The Summarize, Join, Rank, and Unique tools sort the input records as a part of their functions. If the input record order matches their sort keys, they run faster.
When processing a large volume of data with these tools, compare the record order displayed on the input connection's schema to the tool's order-sensitive properties:
Tool | Order-sensitive properties |
---|---|
Sort | Sort specification |
Join | Join keys (ascending) |
Unique | Unique-by specification |
Rank | Rank field name (ascending) |
Summarize | Group field names (ascending) |
If tool properties don't match the input record order but you think that they should, there are several things that you can do to make them match, and thus run faster:
First, realize that most tools output newly-created or edited fields in no particular order. The following tools are the exceptions:
Tool | Ordered output |
---|---|
Generate Sequence | ID field, if Repeat is not selected |
Number Records | Record ID field and Group/Member ID fields |
Sort | Sort specification fields |
Unique | Unique-by fields |
Join | Join key fields, as altered by selection and renaming |
Summarize | Group field names |
Unique | Unique-by fields |
Rank | Rank field name |
Token Creation | ID field, if defined |
Table to Stream | ID field, if defined |
Pair to Group | Order output (key or group) |
In all of the cases below, Data Management loses record order information.

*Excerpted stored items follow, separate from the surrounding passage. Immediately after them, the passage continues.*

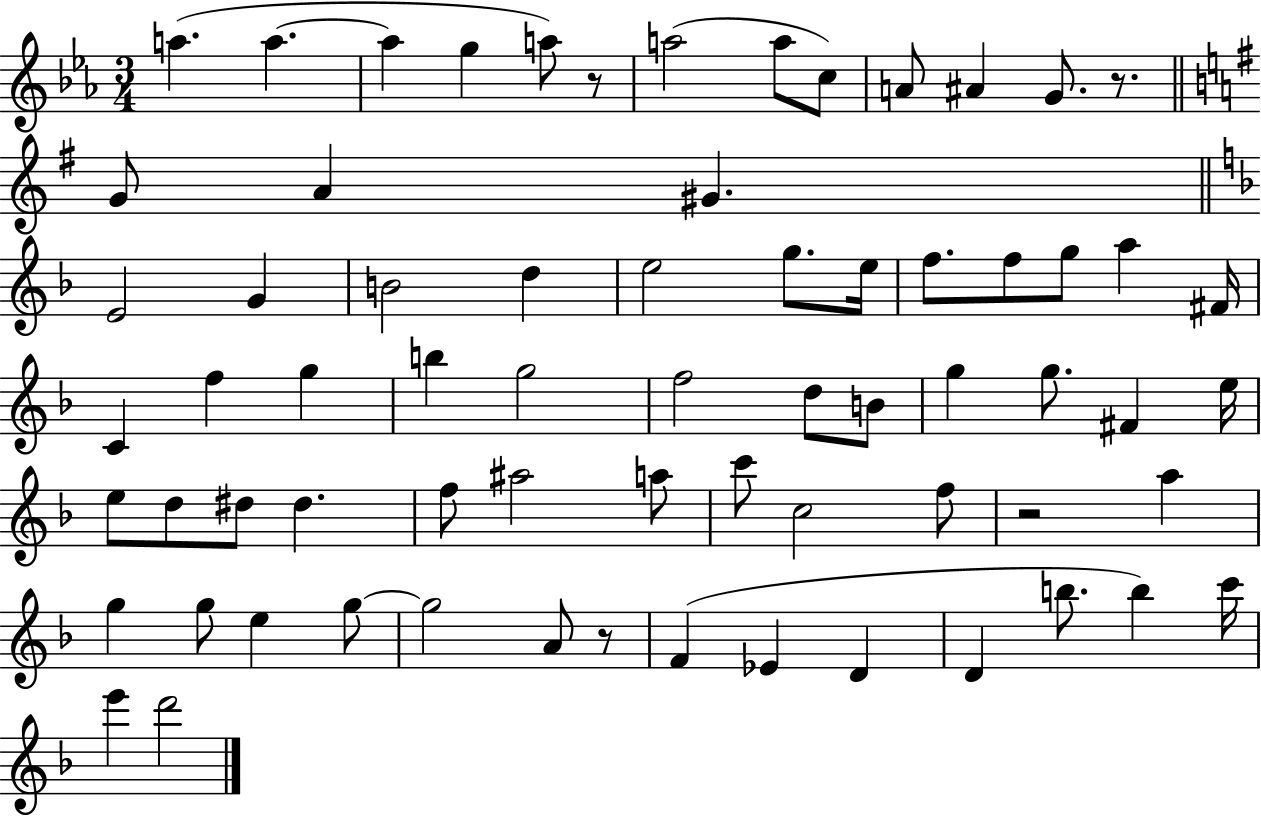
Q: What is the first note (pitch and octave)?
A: A5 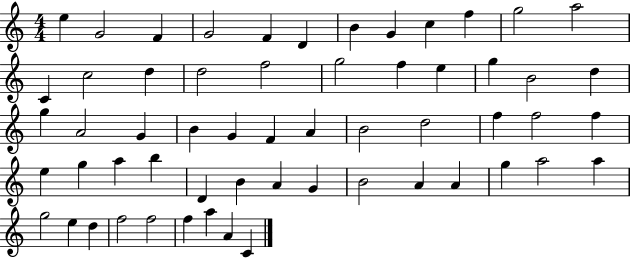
X:1
T:Untitled
M:4/4
L:1/4
K:C
e G2 F G2 F D B G c f g2 a2 C c2 d d2 f2 g2 f e g B2 d g A2 G B G F A B2 d2 f f2 f e g a b D B A G B2 A A g a2 a g2 e d f2 f2 f a A C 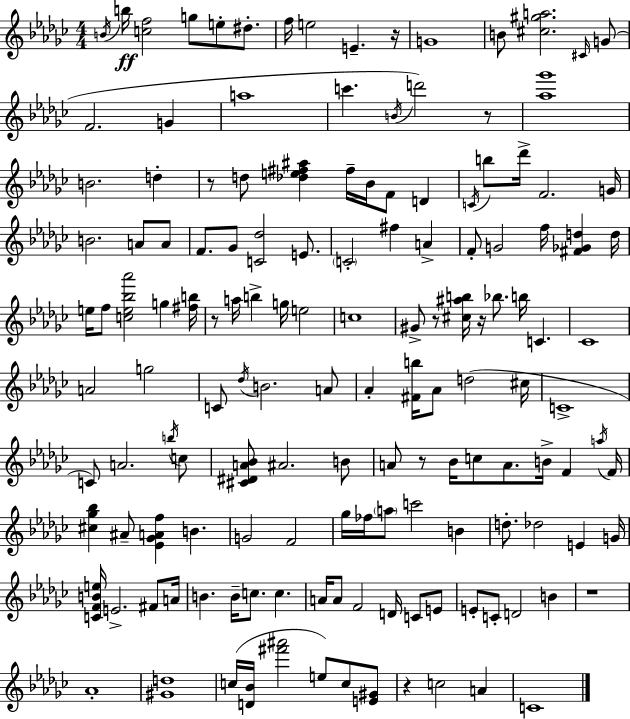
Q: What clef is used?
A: treble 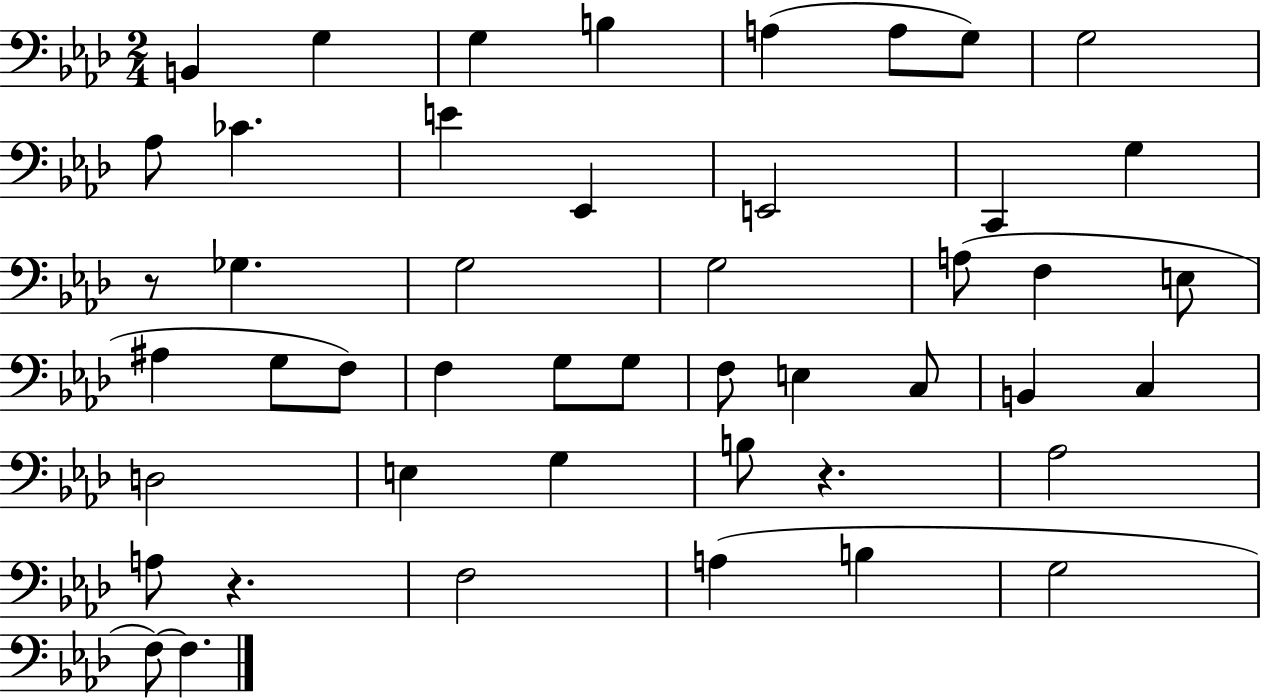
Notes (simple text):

B2/q G3/q G3/q B3/q A3/q A3/e G3/e G3/h Ab3/e CES4/q. E4/q Eb2/q E2/h C2/q G3/q R/e Gb3/q. G3/h G3/h A3/e F3/q E3/e A#3/q G3/e F3/e F3/q G3/e G3/e F3/e E3/q C3/e B2/q C3/q D3/h E3/q G3/q B3/e R/q. Ab3/h A3/e R/q. F3/h A3/q B3/q G3/h F3/e F3/q. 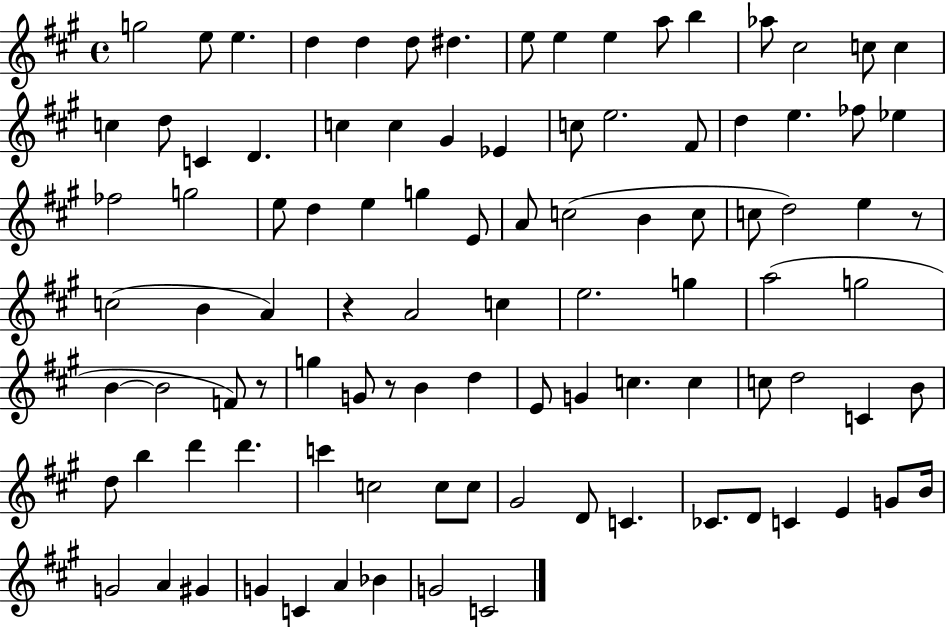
{
  \clef treble
  \time 4/4
  \defaultTimeSignature
  \key a \major
  g''2 e''8 e''4. | d''4 d''4 d''8 dis''4. | e''8 e''4 e''4 a''8 b''4 | aes''8 cis''2 c''8 c''4 | \break c''4 d''8 c'4 d'4. | c''4 c''4 gis'4 ees'4 | c''8 e''2. fis'8 | d''4 e''4. fes''8 ees''4 | \break fes''2 g''2 | e''8 d''4 e''4 g''4 e'8 | a'8 c''2( b'4 c''8 | c''8 d''2) e''4 r8 | \break c''2( b'4 a'4) | r4 a'2 c''4 | e''2. g''4 | a''2( g''2 | \break b'4~~ b'2 f'8) r8 | g''4 g'8 r8 b'4 d''4 | e'8 g'4 c''4. c''4 | c''8 d''2 c'4 b'8 | \break d''8 b''4 d'''4 d'''4. | c'''4 c''2 c''8 c''8 | gis'2 d'8 c'4. | ces'8. d'8 c'4 e'4 g'8 b'16 | \break g'2 a'4 gis'4 | g'4 c'4 a'4 bes'4 | g'2 c'2 | \bar "|."
}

Input data: Data Management cannot infer sort order of records being read from files and databases, except for DLD files.
Calculate tool: Fields assigned in the Calculate tool lose all record order information.
Change Field Types tool: Fields changed in the Change Field Types tool lose all record order information except for some special cases.
If you know that your data is sorted in a specific record order, and you want to rely on that order to speed things up, you can use a Validate Order tool to signal downstream tools that the data is in the specified order. In addition, the following techniques may help to keep or create record orders:
Order of operations: If you are using multiple sorting tools in sequence (for example, a Join followed by another Join, or a Join followed by a Summarize), you may be able to reorder these tools to match the record order present on input while retaining the processing logic.
Generate Sequence tool: The ID field created by the Generate Sequence tool will not be ordered if the Repeat after end value is reached option is selected. Do not enable this option unless you really need it.
Merge tool: Where possible, preserve a known record order by using a Sequence or Sorted merge type.